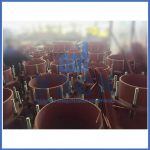 Купить сальниковые компенсаторы ТС-579, ТС-580, Т.1 в Новороссийске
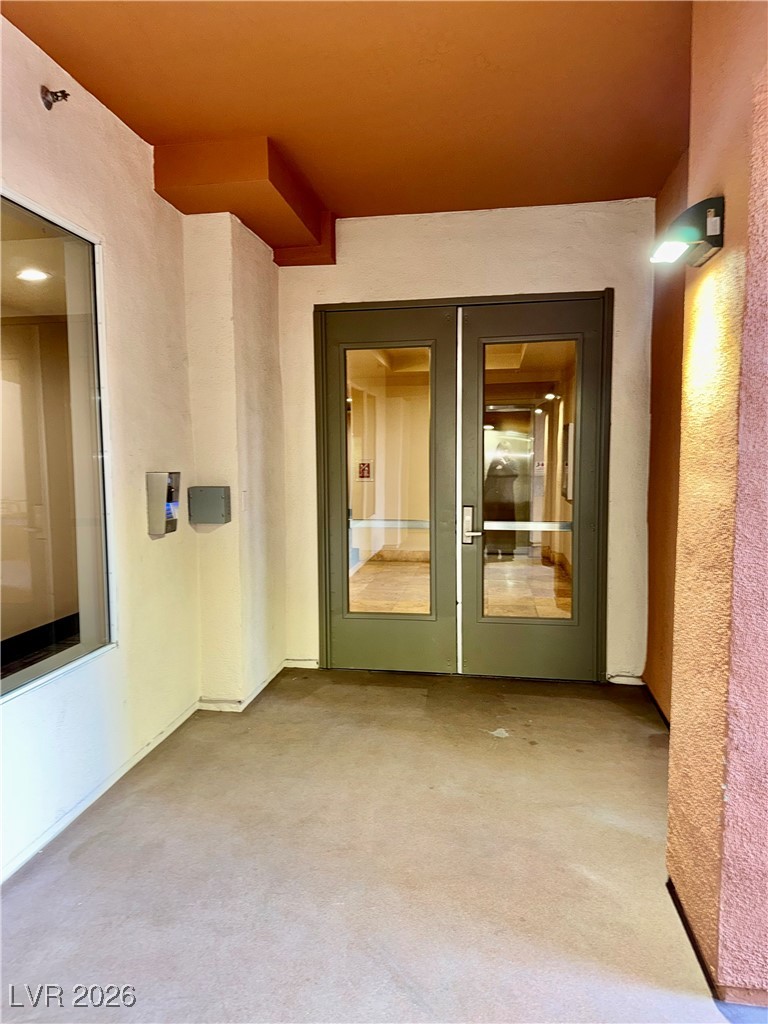 39 E Agate Avenue 304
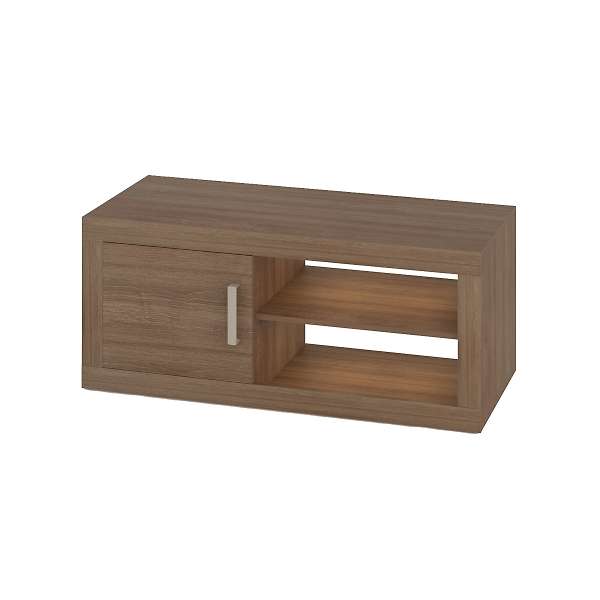 Купить консоль 120 toivo - 6 890 руб.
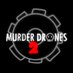 murder drones 2☢️ (@joaobernar25929) Twitter profile photo murder drones 2☢️ (@joaobernar25929) Twitter profile photo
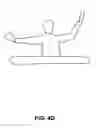 Fig. 12 - Methods and systems for producing seamless composite images without requiring overlap of source images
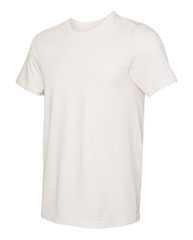 Jersey Tee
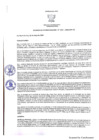 Vista preliminar de documento phpDmkTZ8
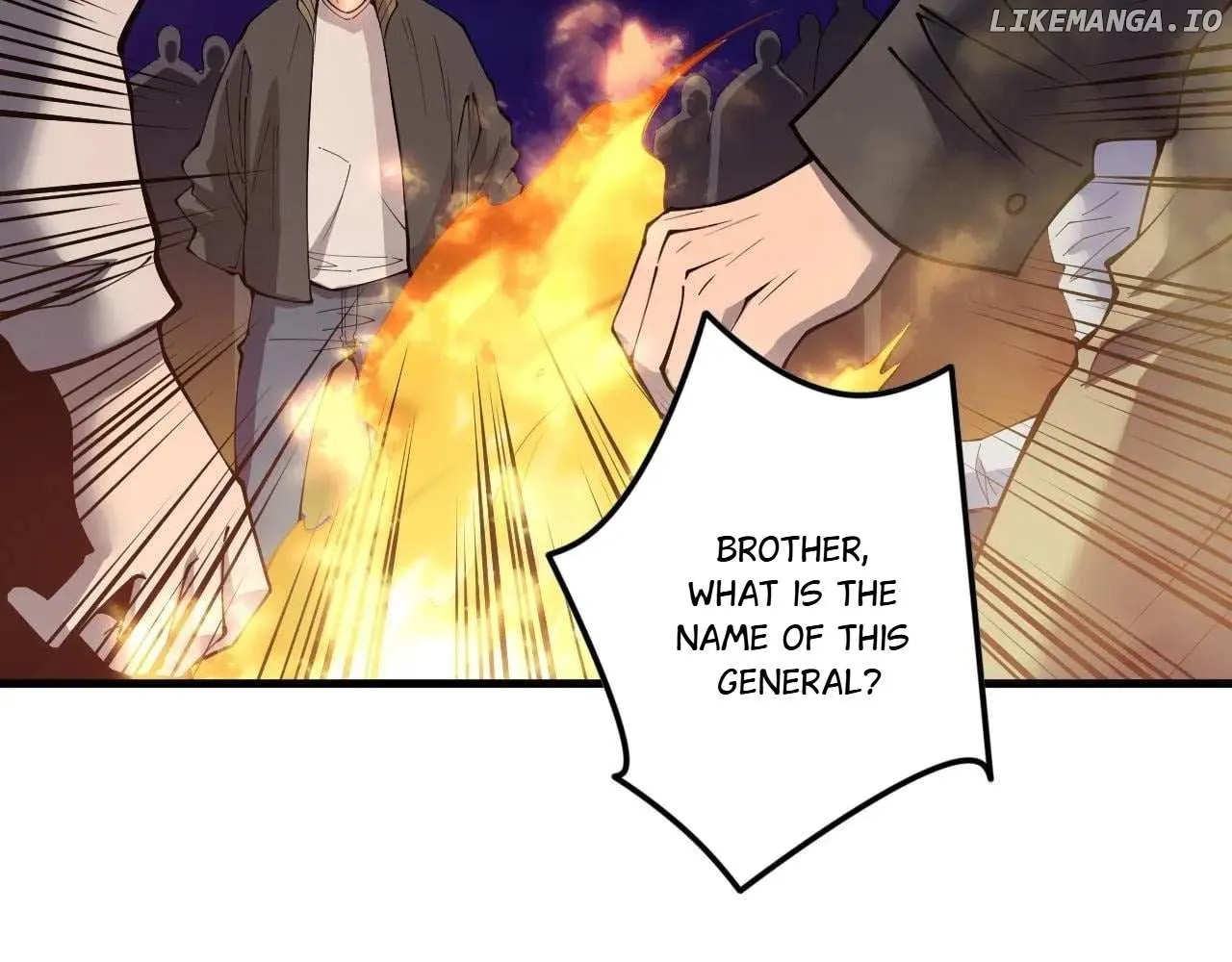 Chapter 147 — page 14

━━━━━━

*Your task*
Could you set down the records above word for word, without any of the pictures?

*Written solution*
 Купить сальниковые компенсаторы ТС-579, ТС-580, Т.1 в Новороссийске
 39 E Agate Avenue 304
 Купить консоль 120 toivo - 6 890 руб.
 murder drones 2☢️ (@joaobernar25929) Twitter profile photo murder drones 2☢️ (@joaobernar25929) Twitter profile photo
 Fig. 12 - Methods and systems for producing seamless composite images without requiring overlap of source images
 Jersey Tee
 Vista preliminar de documento phpDmkTZ8
 Chapter 147 — page 14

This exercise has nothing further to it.